*** Dataset content

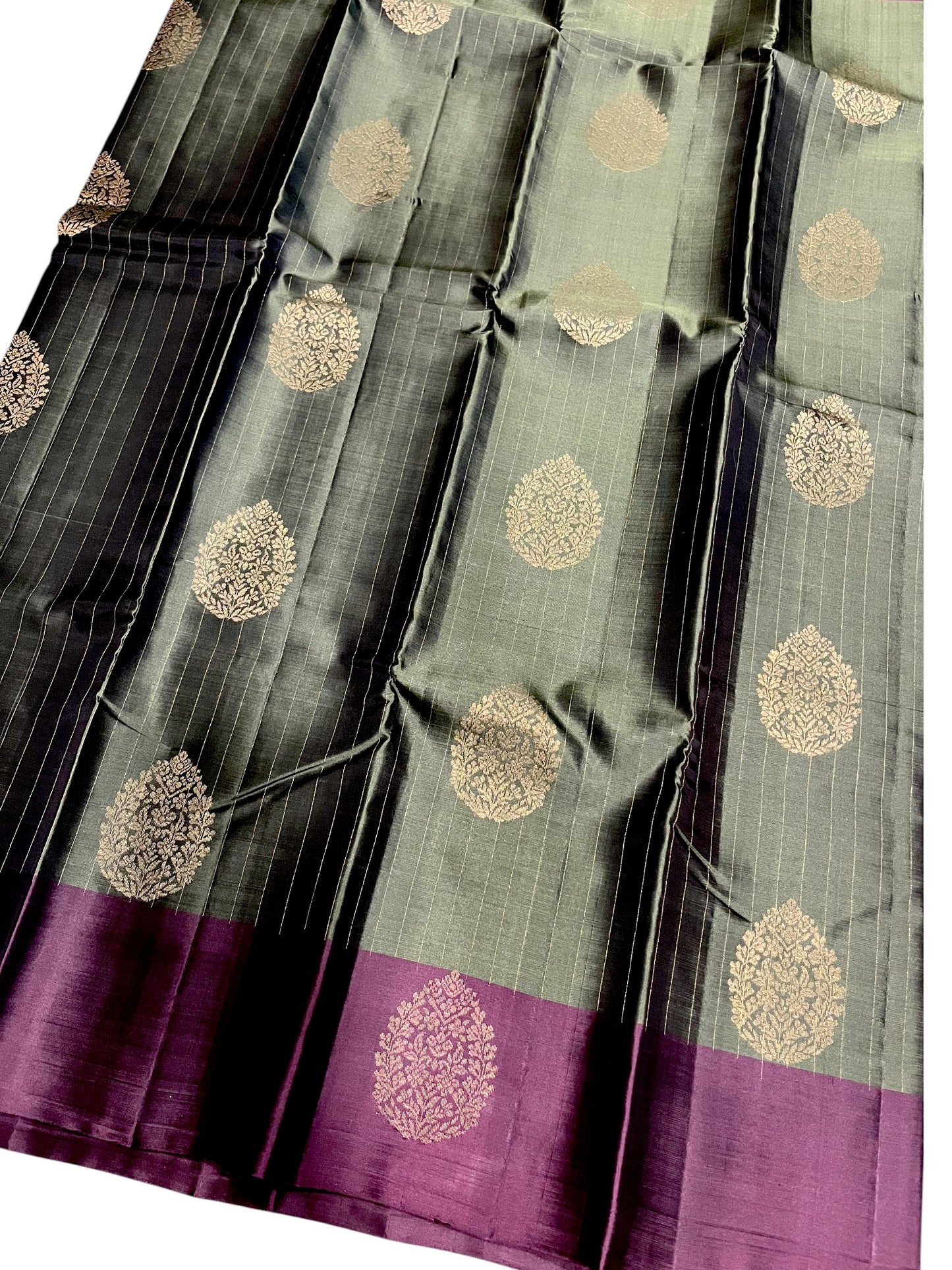 Southloom Pure Handloom Kanchipuram Silk Saree with Butta Work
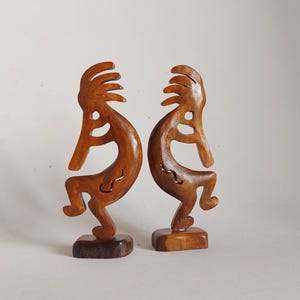 Kokopelli Home Decor , Dancing Kokopelli Figurines, Wood Carved Kokopelli Statuette, Wooden Southwestern Decoration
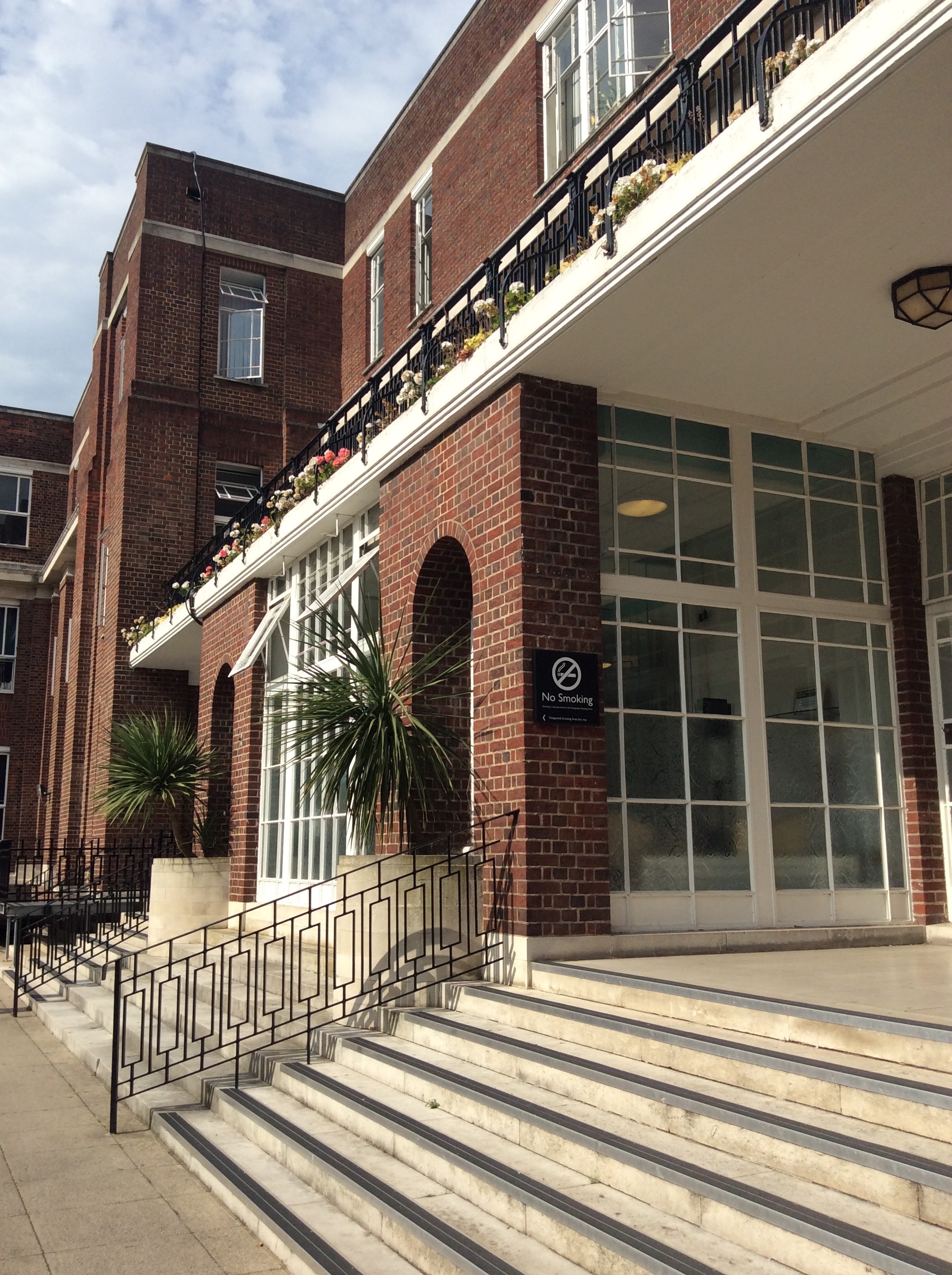 Studera i London, England Regents University, STUDIN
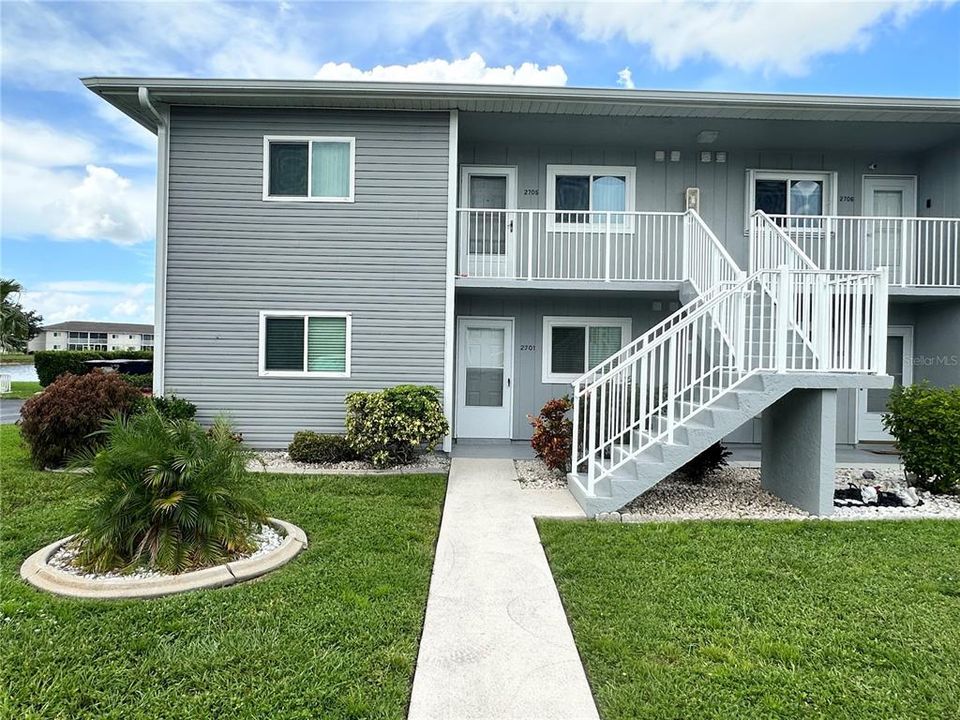 For Sale: $175,000 (2 beds, 2 baths, 1064 Square Feet)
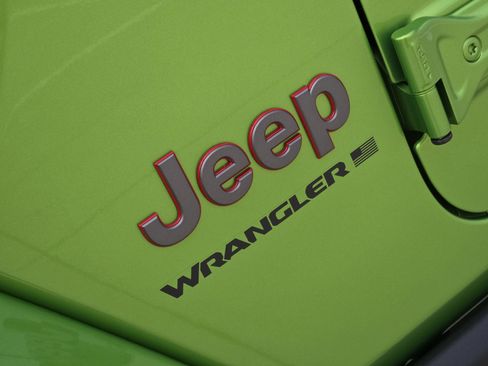 New 2025 Jeep Wrangler Unlimited Rubicon image 9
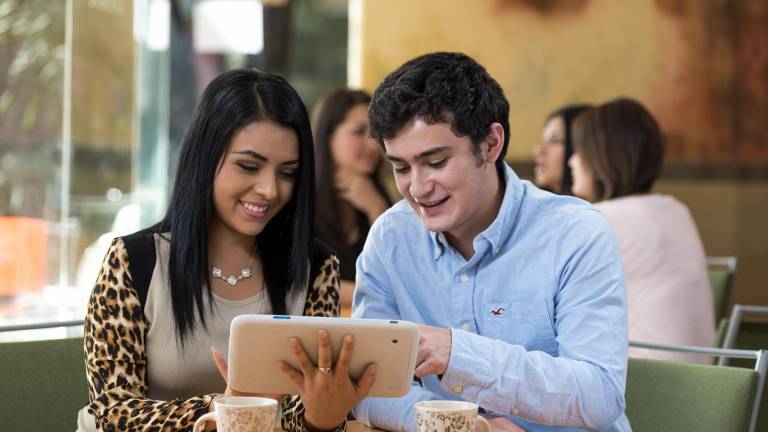 Los estudiantes tienen recursos innovadores para su formación académica.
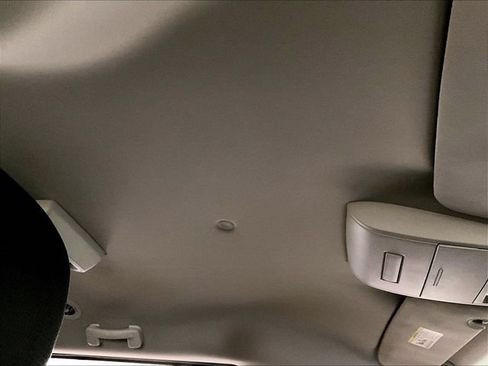 Used 2019 Dodge Grand Caravan SE FWD image 22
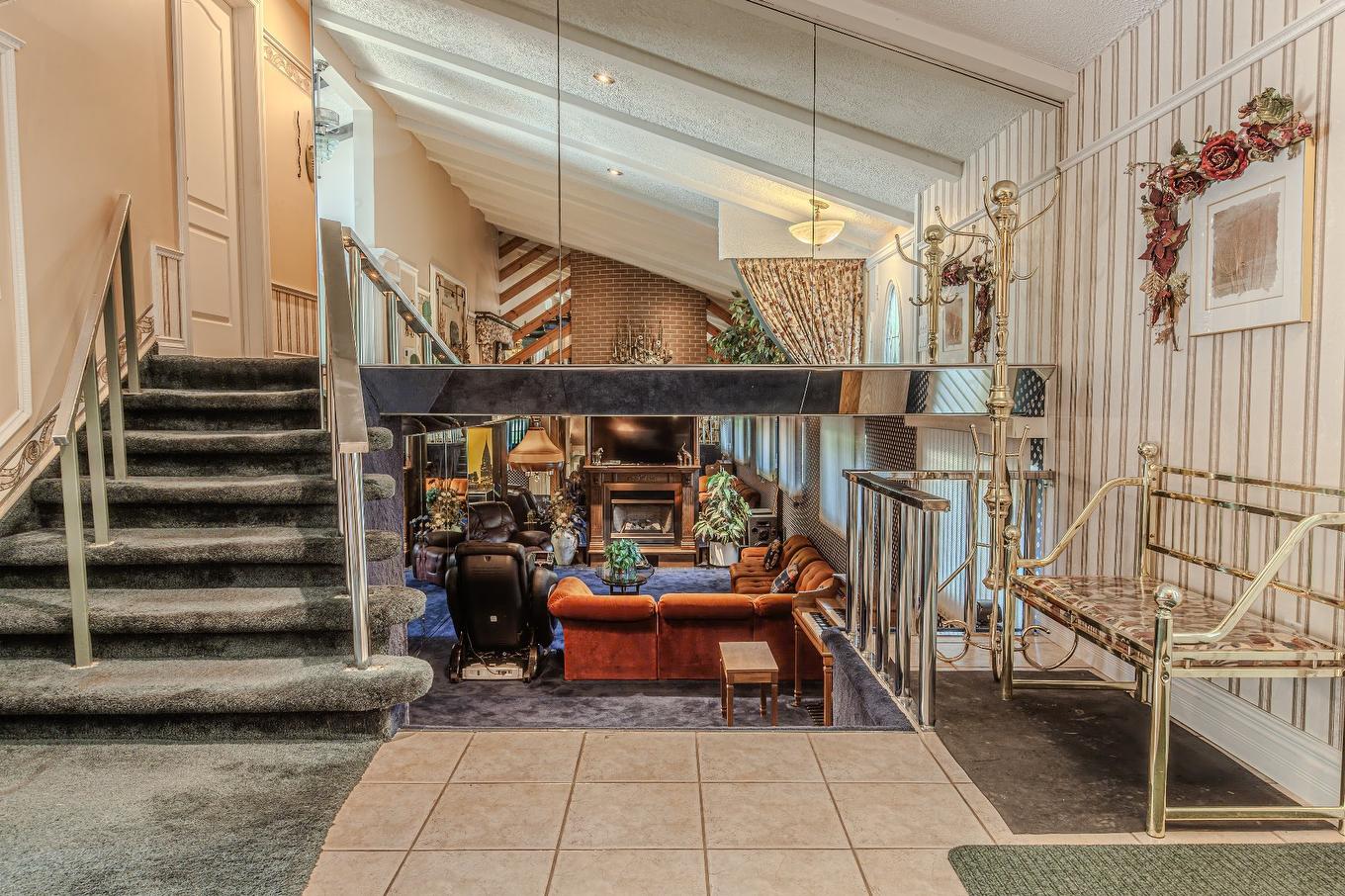 Salon - 920 Boul. St-Joseph O., Drummondville, QC - Indoor Photo Showing Other Room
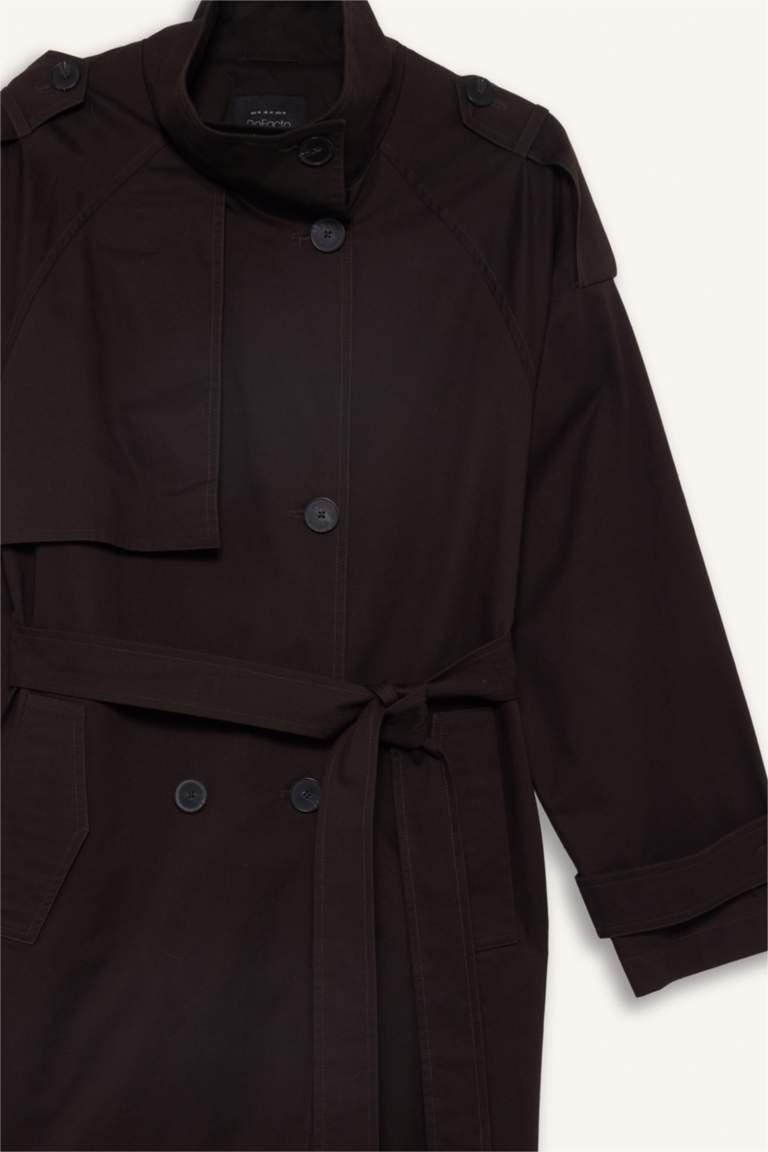 معطف ترانش كوت قطن قصة عادية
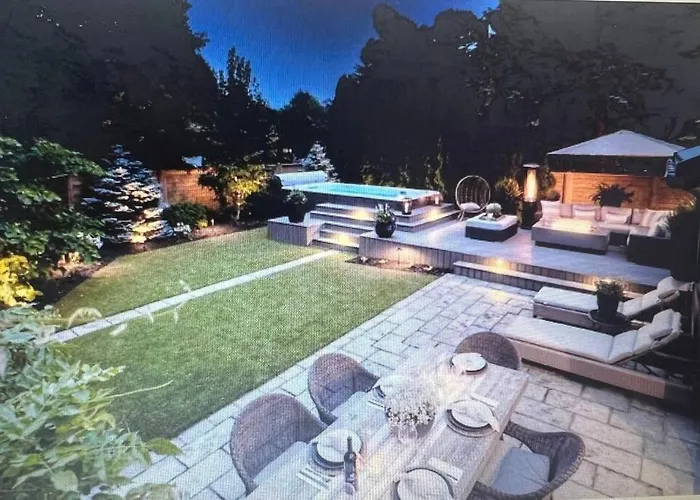 Serenity Villa Infrared Sauna 17' Massage Pool Outdoor Rain Shower!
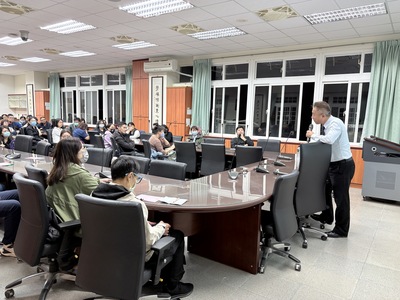 114.11.20 親職講座 - 葉明修老師圖片(另開新視窗)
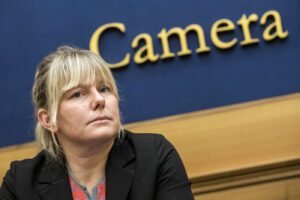 “Vado a lavoro”, l’ex grillina (no vax) multata dalla polizia mentre andava verso il mare “Vado a lavoro”, l’ex grillina (no vax) multata dalla polizia mentre andava verso il mare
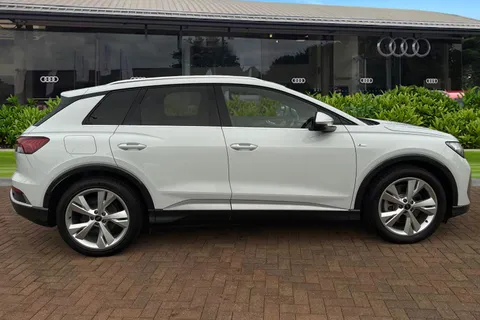 KY24UNM Audi Q4 e-tron 250kW 55 Quattro 82kWh S Line 5dr Auto [Leather] Thumbnail #4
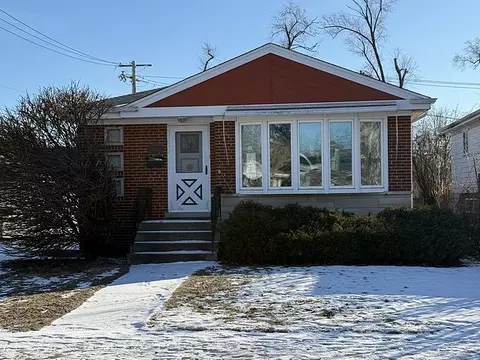 10061 Lacrosse Ave, Skokie, IL 60077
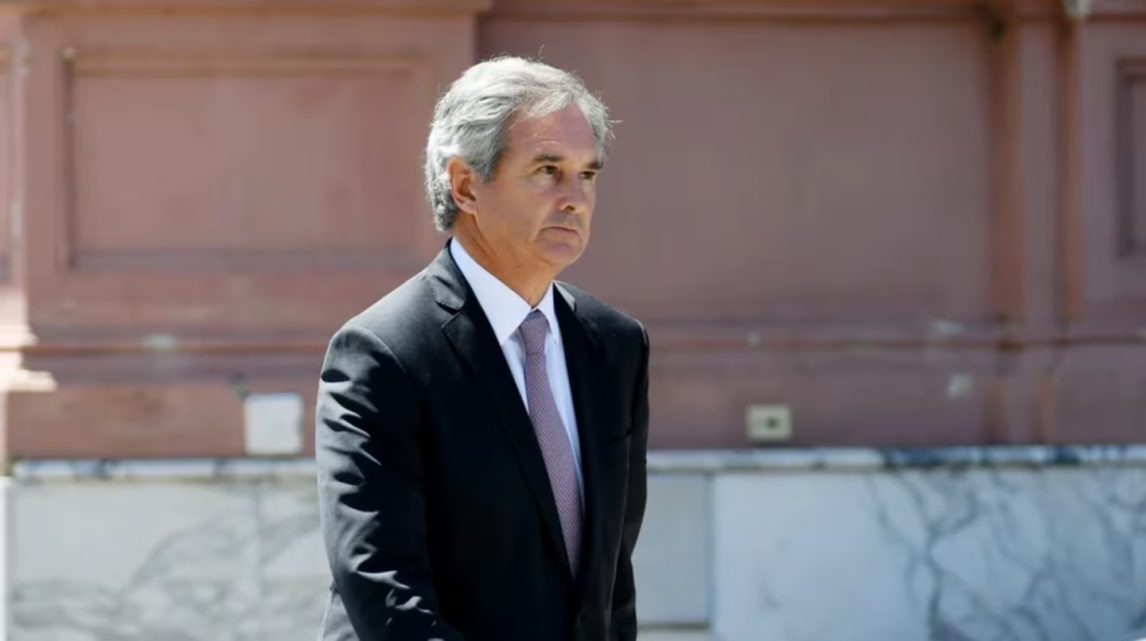 El canciller Pablo Quirno viajó a EE.UU. un día antes de las semifinales del Mundial y desató la polémica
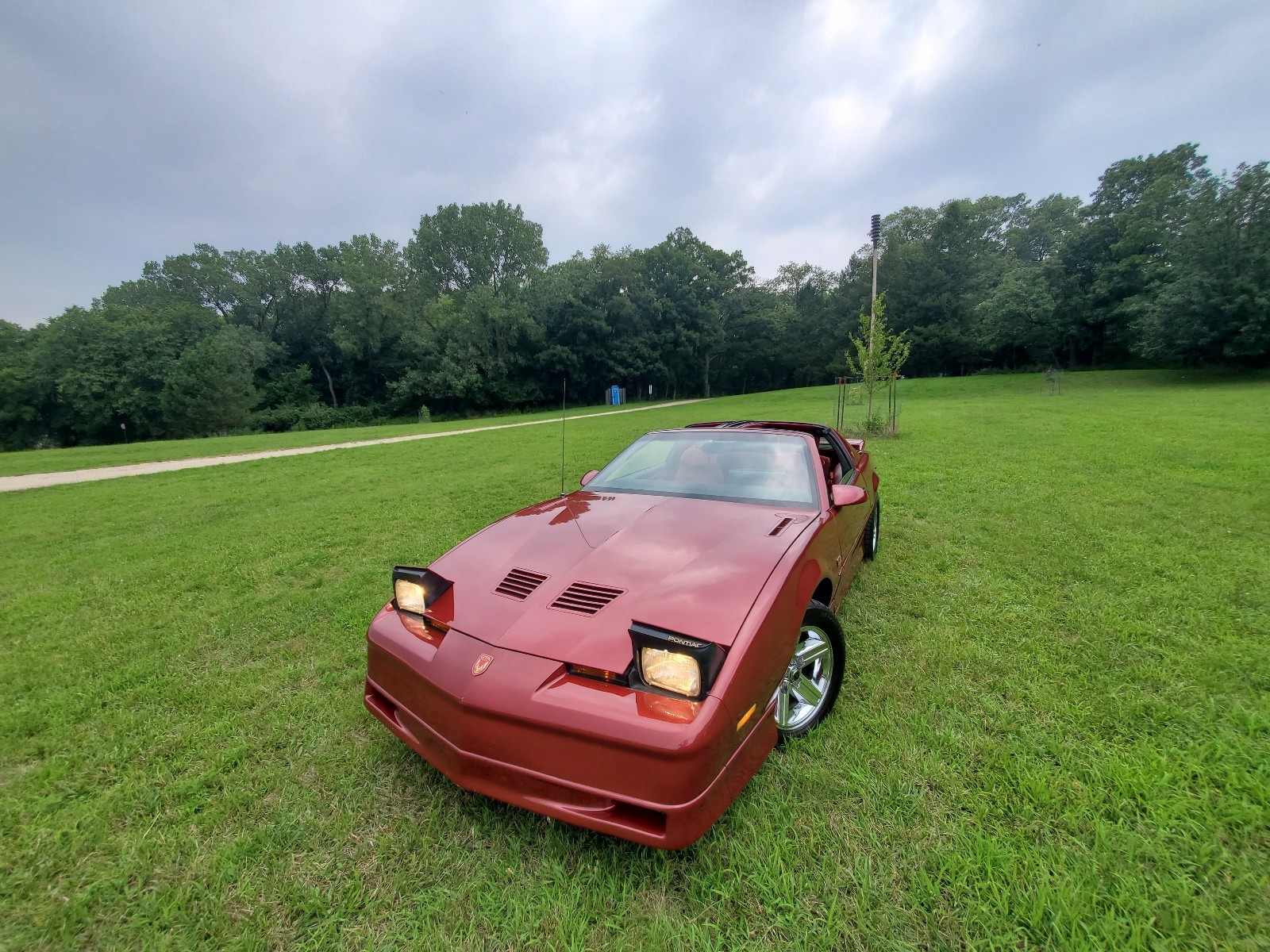 Pontiac-Firebird-1987-Coupe-4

******

### Task brief:
Repeat word for word the lines starting at the one with "10061 Lacrosse Ave, Skokie, IL 60077" and ending at the final line of the records above, both included; no pictures.

### Exercise response:
 10061 Lacrosse Ave, Skokie, IL 60077
 El canciller Pablo Quirno viajó a EE.UU. un día antes de las semifinales del Mundial y desató la polémica
 Pontiac-Firebird-1987-Coupe-4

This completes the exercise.